● Instructions for the task:
Skip the pictures, please, and write out exactly every line from the one containing "Image for Helper" through the end of the listing below.

● Data excerpts:
== Segment start ==
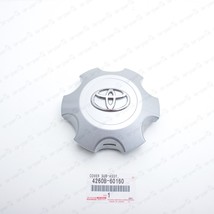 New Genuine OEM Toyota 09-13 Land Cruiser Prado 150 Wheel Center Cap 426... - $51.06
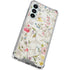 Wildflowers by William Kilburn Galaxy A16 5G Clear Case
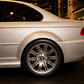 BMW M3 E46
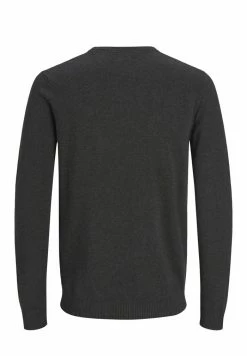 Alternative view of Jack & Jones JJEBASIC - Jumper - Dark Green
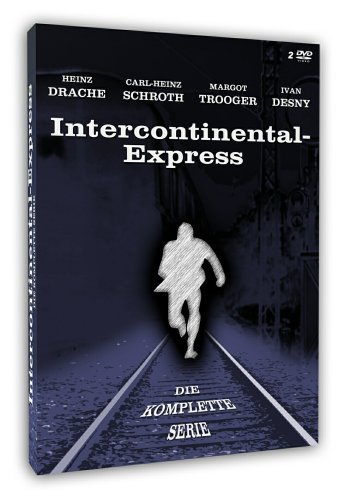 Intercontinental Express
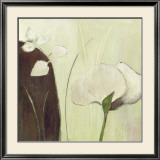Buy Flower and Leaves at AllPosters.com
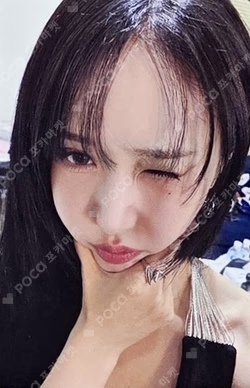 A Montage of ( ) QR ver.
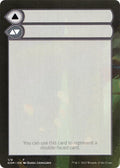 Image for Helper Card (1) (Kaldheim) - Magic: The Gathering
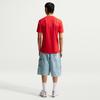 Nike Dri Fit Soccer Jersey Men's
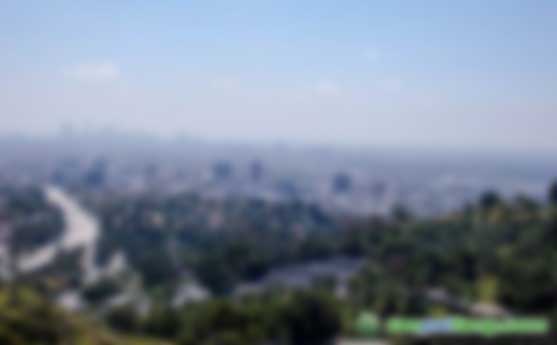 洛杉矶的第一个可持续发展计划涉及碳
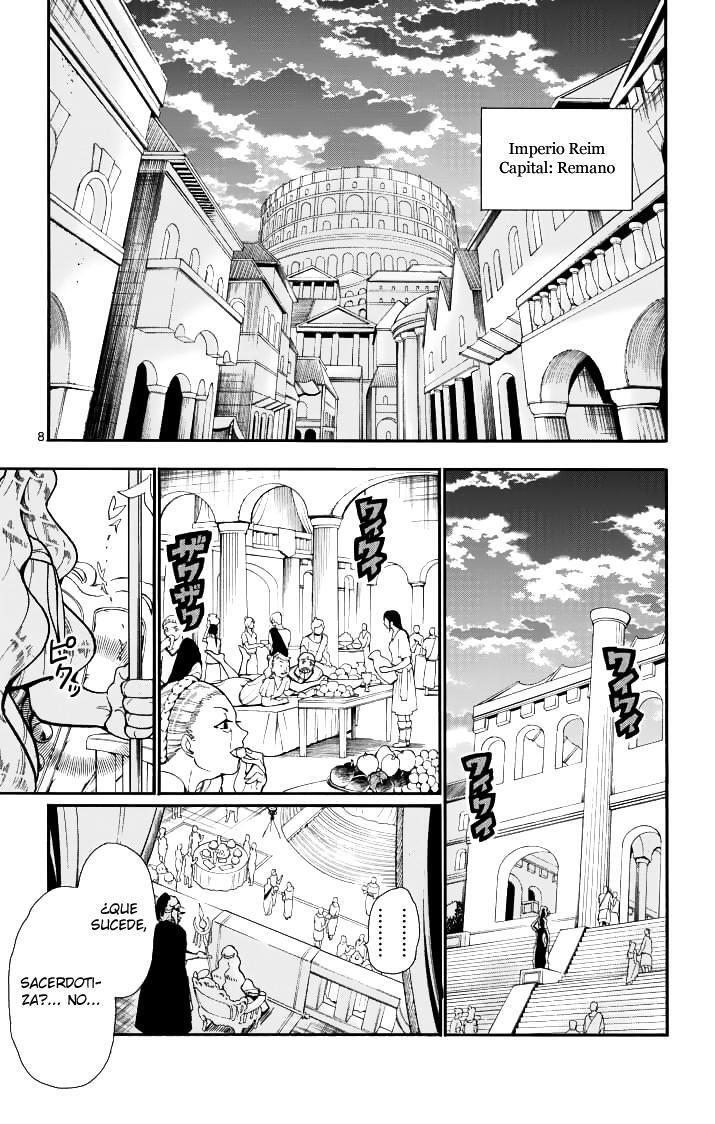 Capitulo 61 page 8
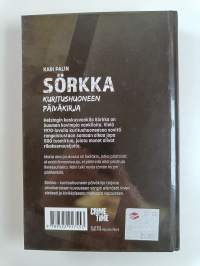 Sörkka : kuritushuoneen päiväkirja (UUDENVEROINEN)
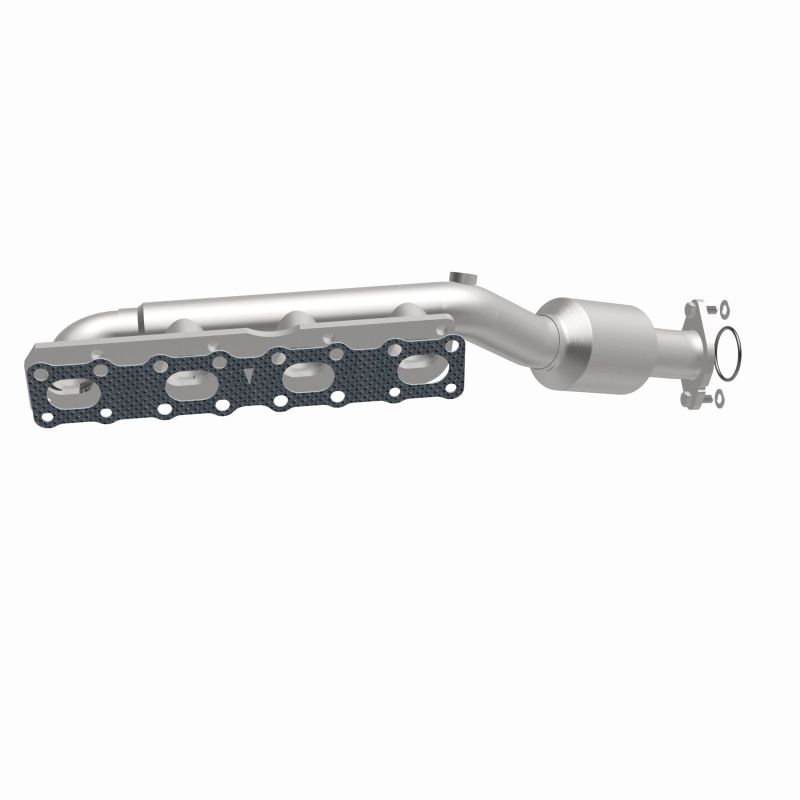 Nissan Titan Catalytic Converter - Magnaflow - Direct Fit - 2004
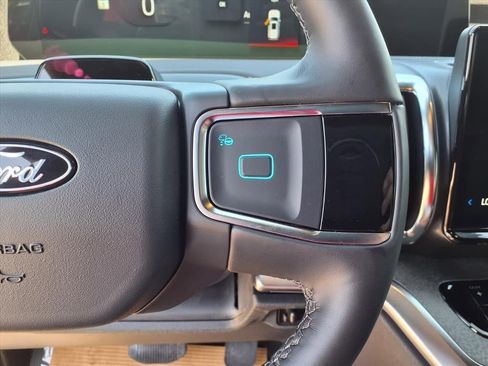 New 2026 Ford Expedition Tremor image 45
== Segment end ==
● Task result:
 Image for Helper Card (1) (Kaldheim) - Magic: The Gathering
 Nike Dri Fit Soccer Jersey Men's
 洛杉矶的第一个可持续发展计划涉及碳
 Capitulo 61 page 8
 Sörkka : kuritushuoneen päiväkirja (UUDENVEROINEN)
 Nissan Titan Catalytic Converter - Magnaflow - Direct Fit - 2004
 New 2026 Ford Expedition Tremor image 45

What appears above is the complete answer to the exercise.